Ok, I misunderstood what you wrote the first time,  I am a bit tired now, I think I will continue thinking when I am more rested


I've seen this "transparent forging" mentioned in this thread multiple times. Is there a description somewhere on what it is?

Hmm... so it seems to be right that this Proof-of-Stake scheme penalises the small accounts. (not just those that are handled by a single entity, but everyone else the same way)

But I don't think that it exactly balances out the block-choosing algorithm.


I don't think so. You have two accounts, but can only use one of them, so it doesn't double your reward. There is a chance that the second one helps you to get one more though. (though that's much smaller) Also there is what I said about the time spent gathering fees: if you choose the later one, you get more fees as you can wait for more transactions.

So there are a bunch of factors in play here. But it seems sure that this PoS doesn't make the distribution "truly fair". Maybe quite close though.

Why? They don't have to be eligible at the same timestamp. As you "see the future", you know whether you have two eligible accounts at different timestamps too.

I am also still not convinced that the collisions reduce the chances of the fragmented accounts, but it's difficult to prove or disprove it without seeing some formal specs of the protocol.

It may also be possible to have different accounts that are never eligible at the same time. (I think eligibility is calculated as difference from a hash, so you just need to ensure that your accounts are not covering the same hash intervals) (ok, this isn't true, all relevant hashed changes with every timestamp)
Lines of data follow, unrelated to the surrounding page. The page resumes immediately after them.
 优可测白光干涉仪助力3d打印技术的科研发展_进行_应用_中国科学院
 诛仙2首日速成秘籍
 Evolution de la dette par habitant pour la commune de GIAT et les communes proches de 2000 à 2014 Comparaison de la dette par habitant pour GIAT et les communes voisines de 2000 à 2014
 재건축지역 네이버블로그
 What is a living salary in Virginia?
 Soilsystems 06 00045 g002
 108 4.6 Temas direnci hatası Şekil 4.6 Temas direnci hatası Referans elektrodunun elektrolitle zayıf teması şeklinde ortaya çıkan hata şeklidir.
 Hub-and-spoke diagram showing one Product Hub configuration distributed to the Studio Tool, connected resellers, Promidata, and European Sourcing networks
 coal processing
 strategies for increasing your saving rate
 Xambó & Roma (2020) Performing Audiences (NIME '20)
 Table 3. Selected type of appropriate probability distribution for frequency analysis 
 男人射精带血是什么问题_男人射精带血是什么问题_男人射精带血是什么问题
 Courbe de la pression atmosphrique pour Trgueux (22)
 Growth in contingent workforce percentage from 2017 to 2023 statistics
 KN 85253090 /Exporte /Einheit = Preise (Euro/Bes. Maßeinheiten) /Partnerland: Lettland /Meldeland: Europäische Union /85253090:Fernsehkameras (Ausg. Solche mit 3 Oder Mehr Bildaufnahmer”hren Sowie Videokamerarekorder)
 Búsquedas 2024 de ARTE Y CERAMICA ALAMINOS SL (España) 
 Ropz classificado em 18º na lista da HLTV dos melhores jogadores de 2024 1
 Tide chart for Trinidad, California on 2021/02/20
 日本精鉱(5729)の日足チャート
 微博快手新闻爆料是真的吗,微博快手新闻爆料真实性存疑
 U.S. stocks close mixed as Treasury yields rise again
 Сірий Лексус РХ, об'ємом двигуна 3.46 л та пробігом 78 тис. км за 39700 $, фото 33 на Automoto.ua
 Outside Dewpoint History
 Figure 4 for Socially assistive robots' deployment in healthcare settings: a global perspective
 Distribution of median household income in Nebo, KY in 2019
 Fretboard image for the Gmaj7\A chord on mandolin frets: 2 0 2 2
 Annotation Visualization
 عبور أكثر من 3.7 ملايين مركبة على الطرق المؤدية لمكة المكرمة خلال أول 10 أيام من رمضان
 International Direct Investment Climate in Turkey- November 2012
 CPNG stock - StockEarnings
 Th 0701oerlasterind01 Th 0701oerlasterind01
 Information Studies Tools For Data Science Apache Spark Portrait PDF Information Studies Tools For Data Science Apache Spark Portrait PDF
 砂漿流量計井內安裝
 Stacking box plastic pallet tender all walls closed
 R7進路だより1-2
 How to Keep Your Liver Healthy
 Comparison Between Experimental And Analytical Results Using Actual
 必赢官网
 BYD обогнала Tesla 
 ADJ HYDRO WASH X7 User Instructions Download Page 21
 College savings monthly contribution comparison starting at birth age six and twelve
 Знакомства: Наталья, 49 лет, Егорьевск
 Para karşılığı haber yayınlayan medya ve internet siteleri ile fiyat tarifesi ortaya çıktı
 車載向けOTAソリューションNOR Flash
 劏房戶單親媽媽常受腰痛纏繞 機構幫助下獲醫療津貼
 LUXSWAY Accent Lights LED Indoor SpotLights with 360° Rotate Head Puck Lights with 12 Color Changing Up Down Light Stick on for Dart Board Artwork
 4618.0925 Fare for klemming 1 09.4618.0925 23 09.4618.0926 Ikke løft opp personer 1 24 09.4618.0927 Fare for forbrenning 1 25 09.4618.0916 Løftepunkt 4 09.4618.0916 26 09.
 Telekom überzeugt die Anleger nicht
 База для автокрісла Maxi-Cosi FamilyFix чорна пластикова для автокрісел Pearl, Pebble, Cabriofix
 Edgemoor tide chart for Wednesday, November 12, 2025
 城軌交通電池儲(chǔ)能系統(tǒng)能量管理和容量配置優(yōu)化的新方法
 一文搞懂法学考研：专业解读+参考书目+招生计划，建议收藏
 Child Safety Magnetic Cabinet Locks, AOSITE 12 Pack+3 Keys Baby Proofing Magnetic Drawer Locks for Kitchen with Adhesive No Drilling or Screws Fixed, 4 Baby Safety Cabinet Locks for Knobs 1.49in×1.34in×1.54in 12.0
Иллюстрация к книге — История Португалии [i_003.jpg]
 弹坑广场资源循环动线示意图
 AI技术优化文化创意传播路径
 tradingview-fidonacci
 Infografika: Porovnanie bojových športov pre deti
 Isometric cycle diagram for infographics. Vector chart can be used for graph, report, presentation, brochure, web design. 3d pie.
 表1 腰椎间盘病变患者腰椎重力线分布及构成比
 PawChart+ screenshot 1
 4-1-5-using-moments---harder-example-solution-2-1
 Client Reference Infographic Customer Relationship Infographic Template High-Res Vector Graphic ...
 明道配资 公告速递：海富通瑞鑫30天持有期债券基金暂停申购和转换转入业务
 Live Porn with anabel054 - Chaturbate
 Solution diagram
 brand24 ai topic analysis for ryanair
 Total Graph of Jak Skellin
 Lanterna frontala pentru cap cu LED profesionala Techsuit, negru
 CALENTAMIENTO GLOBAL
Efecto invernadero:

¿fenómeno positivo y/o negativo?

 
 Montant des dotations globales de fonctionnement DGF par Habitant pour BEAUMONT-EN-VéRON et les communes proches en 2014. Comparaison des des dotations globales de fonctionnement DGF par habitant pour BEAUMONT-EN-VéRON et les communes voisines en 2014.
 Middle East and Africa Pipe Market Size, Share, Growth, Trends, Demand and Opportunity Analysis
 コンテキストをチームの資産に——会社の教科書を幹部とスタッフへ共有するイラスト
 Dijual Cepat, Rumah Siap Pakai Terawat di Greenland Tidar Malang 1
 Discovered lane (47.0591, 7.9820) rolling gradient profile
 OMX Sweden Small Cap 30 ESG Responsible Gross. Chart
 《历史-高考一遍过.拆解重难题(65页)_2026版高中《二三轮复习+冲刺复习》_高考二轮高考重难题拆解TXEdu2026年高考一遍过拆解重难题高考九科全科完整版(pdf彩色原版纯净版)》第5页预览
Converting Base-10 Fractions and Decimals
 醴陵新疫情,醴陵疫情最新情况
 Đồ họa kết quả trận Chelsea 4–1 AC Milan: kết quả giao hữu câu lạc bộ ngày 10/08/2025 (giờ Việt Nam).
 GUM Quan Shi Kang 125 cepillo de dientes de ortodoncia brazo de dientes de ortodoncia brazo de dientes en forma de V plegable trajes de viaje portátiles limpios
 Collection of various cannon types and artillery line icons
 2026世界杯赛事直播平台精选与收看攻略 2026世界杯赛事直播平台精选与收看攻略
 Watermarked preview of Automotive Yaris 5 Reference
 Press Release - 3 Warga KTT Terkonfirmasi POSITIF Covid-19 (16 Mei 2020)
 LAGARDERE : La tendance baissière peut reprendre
Ok, so basically what you are saying is that Bob's accounts are at a disadvantage because they are competing against each other, and the loss is where both accounts hit the target at the same time. (as it doesn't give twice the winnings). But... this could be said of any two accounts regardless of who controls them. The question is what happens when two hits the target the same time? It seems to me that there is a kind of difficulty defined and the one with the higher difficulty wins. In that case we are back to:
Because the time when they hit their target doesn't matter.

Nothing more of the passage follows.